> _ACTIVITY_
Among the entries that follow, find the lines containing the string "Apartments" and copy them.

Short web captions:
——

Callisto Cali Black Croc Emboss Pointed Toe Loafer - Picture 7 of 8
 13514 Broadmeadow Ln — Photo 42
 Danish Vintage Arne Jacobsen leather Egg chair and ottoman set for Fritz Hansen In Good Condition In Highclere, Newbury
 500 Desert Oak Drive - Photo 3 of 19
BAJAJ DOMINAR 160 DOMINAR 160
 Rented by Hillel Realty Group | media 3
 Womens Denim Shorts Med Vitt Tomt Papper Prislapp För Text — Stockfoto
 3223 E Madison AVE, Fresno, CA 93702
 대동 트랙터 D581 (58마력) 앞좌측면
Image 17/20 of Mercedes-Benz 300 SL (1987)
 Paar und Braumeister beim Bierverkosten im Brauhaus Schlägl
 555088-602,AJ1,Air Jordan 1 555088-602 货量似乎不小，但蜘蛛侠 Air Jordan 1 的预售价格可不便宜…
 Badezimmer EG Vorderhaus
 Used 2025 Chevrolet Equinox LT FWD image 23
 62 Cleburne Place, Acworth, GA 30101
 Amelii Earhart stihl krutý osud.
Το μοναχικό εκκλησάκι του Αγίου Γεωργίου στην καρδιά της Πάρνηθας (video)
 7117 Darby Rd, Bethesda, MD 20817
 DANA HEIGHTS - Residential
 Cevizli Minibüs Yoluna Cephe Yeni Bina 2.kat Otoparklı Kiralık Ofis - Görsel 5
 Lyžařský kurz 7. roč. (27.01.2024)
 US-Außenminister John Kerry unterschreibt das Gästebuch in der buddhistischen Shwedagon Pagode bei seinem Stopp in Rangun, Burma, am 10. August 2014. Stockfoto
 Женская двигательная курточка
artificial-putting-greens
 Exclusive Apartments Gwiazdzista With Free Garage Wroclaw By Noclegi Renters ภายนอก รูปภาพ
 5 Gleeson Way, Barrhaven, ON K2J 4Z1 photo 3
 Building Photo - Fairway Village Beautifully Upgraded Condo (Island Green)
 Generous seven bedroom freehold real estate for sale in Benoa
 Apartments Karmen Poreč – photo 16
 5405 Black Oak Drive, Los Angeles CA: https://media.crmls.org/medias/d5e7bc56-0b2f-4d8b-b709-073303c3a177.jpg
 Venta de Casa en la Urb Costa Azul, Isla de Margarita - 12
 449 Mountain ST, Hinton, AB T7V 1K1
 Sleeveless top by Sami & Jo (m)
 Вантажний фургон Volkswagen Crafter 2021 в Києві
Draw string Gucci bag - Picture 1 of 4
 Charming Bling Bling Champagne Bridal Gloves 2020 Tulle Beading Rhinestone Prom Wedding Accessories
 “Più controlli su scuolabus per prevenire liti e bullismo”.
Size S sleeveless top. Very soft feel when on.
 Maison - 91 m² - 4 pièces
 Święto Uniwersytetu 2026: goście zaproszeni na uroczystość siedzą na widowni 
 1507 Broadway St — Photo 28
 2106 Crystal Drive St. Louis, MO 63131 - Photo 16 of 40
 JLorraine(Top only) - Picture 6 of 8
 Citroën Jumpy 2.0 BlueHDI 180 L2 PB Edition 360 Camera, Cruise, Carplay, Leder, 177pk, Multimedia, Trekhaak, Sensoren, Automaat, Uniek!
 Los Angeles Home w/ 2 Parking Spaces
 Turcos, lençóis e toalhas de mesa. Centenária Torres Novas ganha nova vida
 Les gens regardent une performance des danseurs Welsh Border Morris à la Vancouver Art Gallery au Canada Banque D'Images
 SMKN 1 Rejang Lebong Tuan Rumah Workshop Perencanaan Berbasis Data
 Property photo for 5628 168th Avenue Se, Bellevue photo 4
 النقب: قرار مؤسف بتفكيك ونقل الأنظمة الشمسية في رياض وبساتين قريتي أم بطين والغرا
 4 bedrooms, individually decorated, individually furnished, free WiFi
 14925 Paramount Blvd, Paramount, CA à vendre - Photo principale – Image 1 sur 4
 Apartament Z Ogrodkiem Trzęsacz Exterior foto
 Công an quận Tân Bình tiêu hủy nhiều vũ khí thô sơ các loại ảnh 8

——

> _TASK RESULT_
 Exclusive Apartments Gwiazdzista With Free Garage Wroclaw By Noclegi Renters ภายนอก รูปภาพ
 Apartments Karmen Poreč – photo 16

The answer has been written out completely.